MPs have been busy this week - with Brexit votes every night for three days in a row. On Tuesday, MPs voted to reject Theresa May's so-called 'meaningful vote', her original proposed deal, with some minor changes. The deal was rejected 391 to 242. Then on Wednesday, MPs voted to rule out a No-Deal Brexit 'under all circumstances'. Finally, the parliament voted on Thursday for the Prime Minister to request an extension of article 50, thereby delaying a Brexit from the EU to give the UK a little longer to draw up an agreeable Brexit plan. Currently, the UK is legally scheduled to leave the EU by the March 29 date, and a no-deal Brexit is still the default position for the UK on 29 March. This means that despite MPs voting to rule out a no-deal Brexit and to delay Brexit, most of these votes are not legally binding. So if nothing else changes in the next two weeks, at 23:00 on 29 March, the UK will Brexit with no-deal agreed. In summary, this week’s Parliamentary proceeding has left Mrs May with a lot of homework as although the votes do not become law, politically, they're hard for her to ignore. The Prime Minister could be making a formal request for an extension during the EU leaders' summit, which is scheduled for 21 to 22 March, and the outcome is anyone’s guess.
British shoppers have been stockpiling painkillers and toilet paper, according to Morrison, Britain’s fourth-biggest supermarket. Dave Potts, the boss of Morrison said that the spike in sales of these products was noted with 16 days to go until the UK is due to leave the EU. In a comment, Mr Potts said: "We've seen quite a tick up in painkillers and toilet rolls this financial year… Whether that's got any bearing on how people are feeling about the Brexit process, I don't know". His remarks build on reports that shoppers are taking action in case a hard Brexit results in delays to supplies and shortages.

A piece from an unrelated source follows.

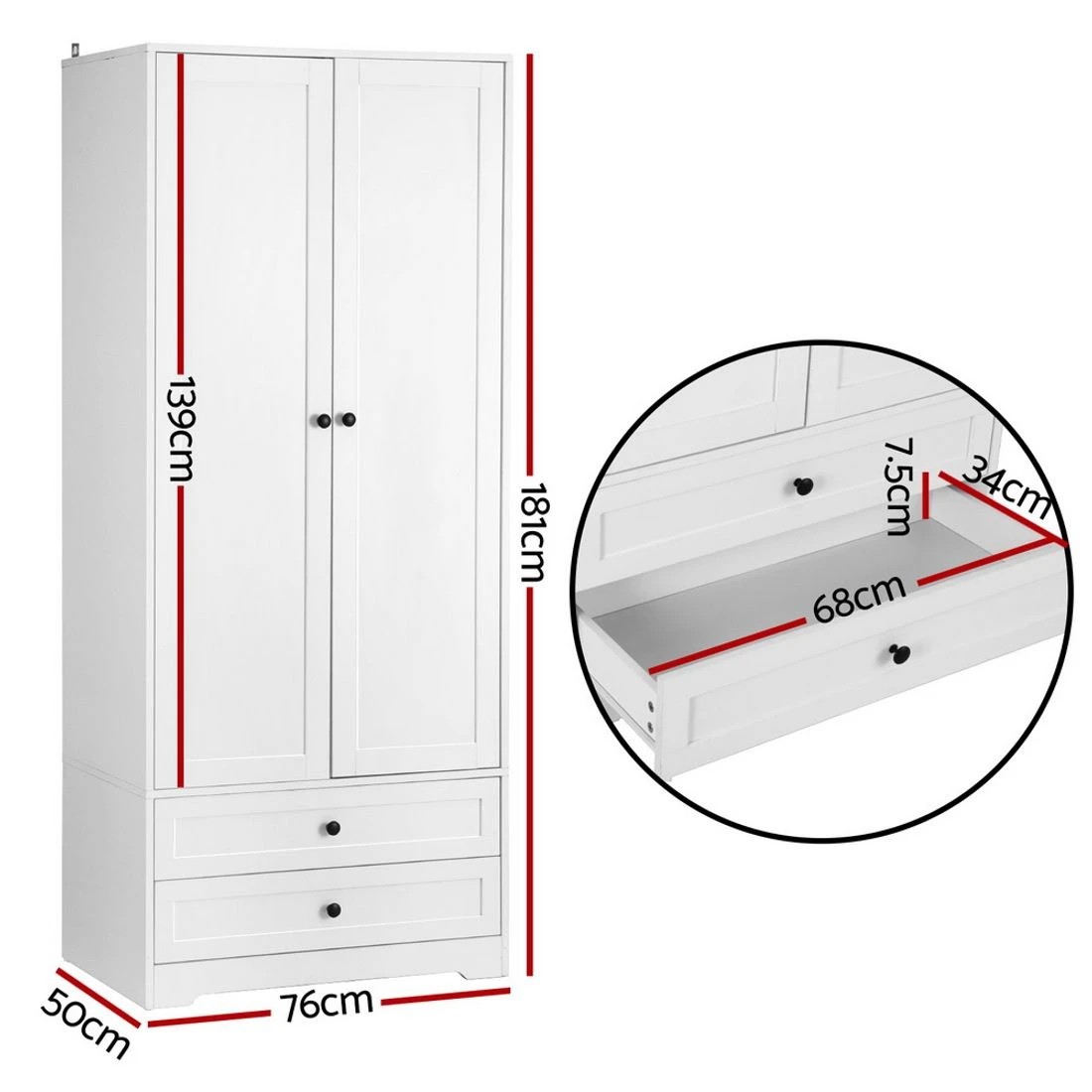 4 Artiss Wardrobe Clothes Closet Storage Organizer with 2 Doors - White, 4 of 8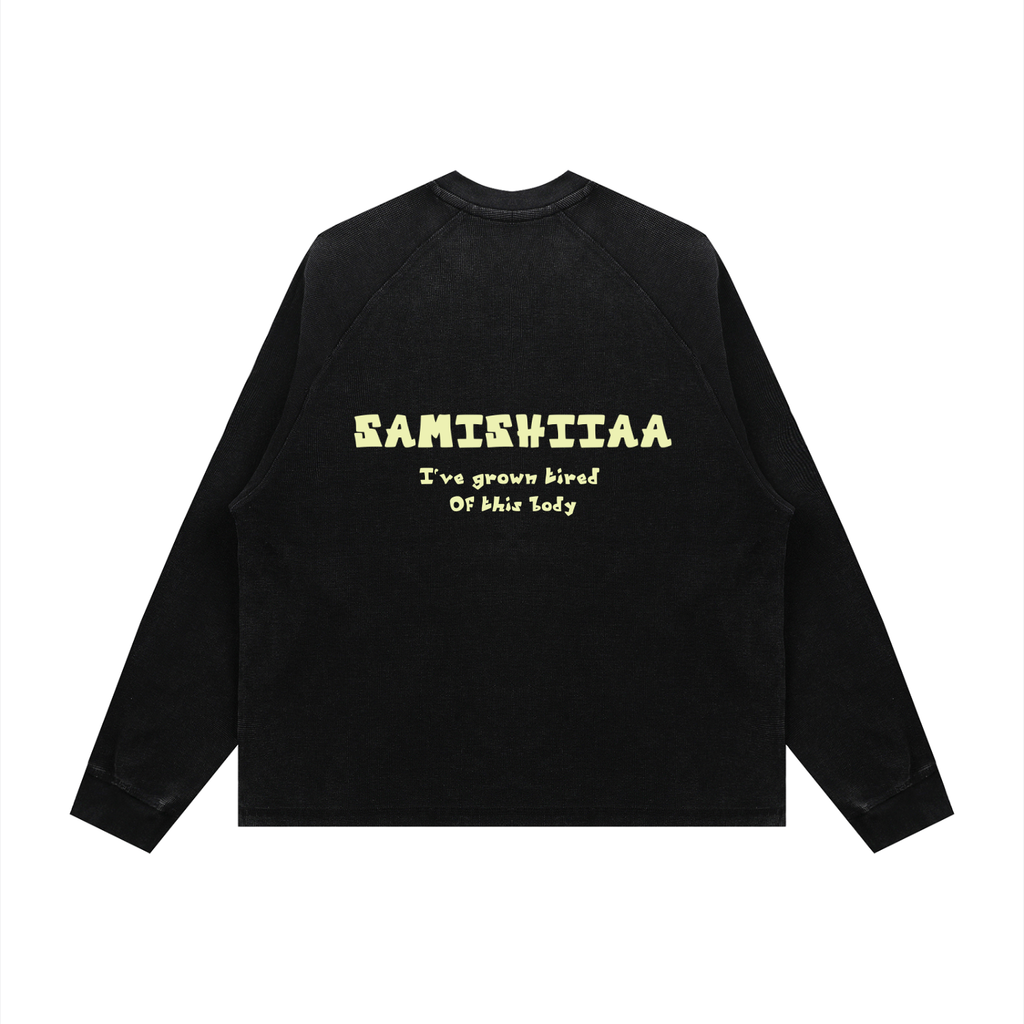 Samishiiaa Unisex Vintage Wash Boxy  waffle  T-Shirt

According to research firm Kantar Worldpanel, Brexit fears have prompted one in 10 shoppers to start stockpiling food. The Bank of England has also noted evidence of stockpiling among British businesses and figures suggest the UK is running out of warehouse space as a result. Despite a slowdown in recent retail sales growth it reported a rise of almost 9% in underlying pre-tax profits to £406m. Despite uncertainties over Brexit, it looks like the country’s fourth-largest supermarket is flush with cash!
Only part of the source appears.